Evie estuvo de suerte. Sus síntomas neurológicos remitieron rápidamente: un período de descanso, unido al tratamiento recomendado por el neurocirujano, la puso en condiciones de intervenirla para reparar el abultamiento del vaso.
– Harry -dijo Atwater-, sobre todo no dejes de decirnos a Anneke o a mí cualquier cosa que podamos hacer para ayudaros.
– ¿Anneke?
Doug le dirigió una maliciosa sonrisa. Cuando él y Harry iban a oír a algún grupo de jazz, se presentaba invariablemente con algún «ligue» (siempre eran mujeres distintas, cada vez más jóvenes y atractivas).
– Es medio sueca y medio alemana -explicó Doug-. De cintura para arriba creo que es sueca -añadió risueño.
– Ave, César, quienes van a morir te saludan -dijo Steve Josephson señalando hacia el pequeño escenario situado al fondo del auditorio.
Caspar Sidonis acababa de sentarse frente a una mesa con micrófono, flanqueado por los otros seis miembros de la comisión.
– Les ruego atención, señores, por favor -dijo Sidonis tras darle unos golpecitos al micrófono-. Vamos a empezar enseguida porque tenemos muchos temas que abordar… ¿Querrían ser tan amables de sentarse?

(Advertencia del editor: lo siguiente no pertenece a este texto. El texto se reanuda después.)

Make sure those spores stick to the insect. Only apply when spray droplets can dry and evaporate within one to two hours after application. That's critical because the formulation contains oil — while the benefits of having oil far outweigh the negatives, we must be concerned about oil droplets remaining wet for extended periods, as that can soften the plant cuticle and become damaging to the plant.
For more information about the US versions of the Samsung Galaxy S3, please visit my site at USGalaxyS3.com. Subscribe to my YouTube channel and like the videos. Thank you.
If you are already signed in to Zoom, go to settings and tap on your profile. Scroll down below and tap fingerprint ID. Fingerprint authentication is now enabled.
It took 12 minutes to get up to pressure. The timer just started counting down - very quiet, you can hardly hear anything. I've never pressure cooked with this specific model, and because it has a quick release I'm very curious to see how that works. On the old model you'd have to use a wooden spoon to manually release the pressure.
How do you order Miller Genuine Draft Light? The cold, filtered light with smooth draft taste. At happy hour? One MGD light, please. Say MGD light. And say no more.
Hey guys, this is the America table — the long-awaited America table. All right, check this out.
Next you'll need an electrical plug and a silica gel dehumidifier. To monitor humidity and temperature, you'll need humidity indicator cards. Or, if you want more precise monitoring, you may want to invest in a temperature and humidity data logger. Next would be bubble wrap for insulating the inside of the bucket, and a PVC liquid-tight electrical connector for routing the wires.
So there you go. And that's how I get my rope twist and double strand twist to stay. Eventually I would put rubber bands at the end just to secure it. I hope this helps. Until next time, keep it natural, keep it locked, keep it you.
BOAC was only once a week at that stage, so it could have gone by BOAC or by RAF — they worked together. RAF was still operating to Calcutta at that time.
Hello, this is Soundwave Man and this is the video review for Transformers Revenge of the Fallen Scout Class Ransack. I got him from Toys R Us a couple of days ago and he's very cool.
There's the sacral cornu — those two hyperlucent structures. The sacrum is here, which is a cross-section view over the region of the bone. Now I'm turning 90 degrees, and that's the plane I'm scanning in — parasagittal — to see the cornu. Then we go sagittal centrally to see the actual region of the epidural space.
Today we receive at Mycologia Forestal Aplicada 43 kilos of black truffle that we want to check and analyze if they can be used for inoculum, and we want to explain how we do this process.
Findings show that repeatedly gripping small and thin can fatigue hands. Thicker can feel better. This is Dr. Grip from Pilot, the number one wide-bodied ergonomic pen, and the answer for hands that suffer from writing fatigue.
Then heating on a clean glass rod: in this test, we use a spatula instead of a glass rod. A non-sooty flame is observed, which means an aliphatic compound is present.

– Si no consigue que se guarde silencio no me extrañaría que empezase a tirar cosas como hace en el hospital -le susurró Josephson a Harry-. Tengo entendido que las quejas de las enfermeras darían para un listín telefónico. La dirección no pone coto a sus pataletas por temor a que se les lleve la clientela a otro centro. Les proporciona millones de dólares.
– Caspar es de los que siempre consiguen lo que quieren -canturreó Harry remedando la música de una canción de moda.
– Todo esto me huele mal, Harry.
– ¡Toma! ¡Como si hubiese razones para que te oliese bien!
Caspar Sidonis era un apuesto cuarentón que cuidaba su atractivo. Llevaba siempre ropa cara e impecable. Fue el número uno de su promoción en la Facultad de Medicina de Harvard y procuraba que en ningún momento lo olvidase nadie. Durante varios años consecutivos ganó los campeonatos de tenis y de squash del Centro Médico de Manhattan y, según algunos, fue campeón de boxeo en la facultad.
La melodía de Green Dolphin Street acudía una y otra vez a la mente de Harry. Por más acoquinado que pareciese, no estaba dispuesto a que nadie le diera lecciones sobre lo que debía hacer como médico (y mucho menos los burócratas de la OSM y de las compañías de seguros, y en ningún caso un tipo tan pomposo, fatuo y repelente como Sidonis). Miró en derredor hacia los otros facultativos de medicina general y pensó en los años de estudio, en las incontables horas de los cursos de actualización, en su firmeza para no dejarse afectar por su escaso prestigio y por una remuneración más escasa aún, en la perseverancia en su vocación de «médicos de familia», como los llamaban también. Merecían una mayor recompensa y no recortes en los honorarios ni en las competencias.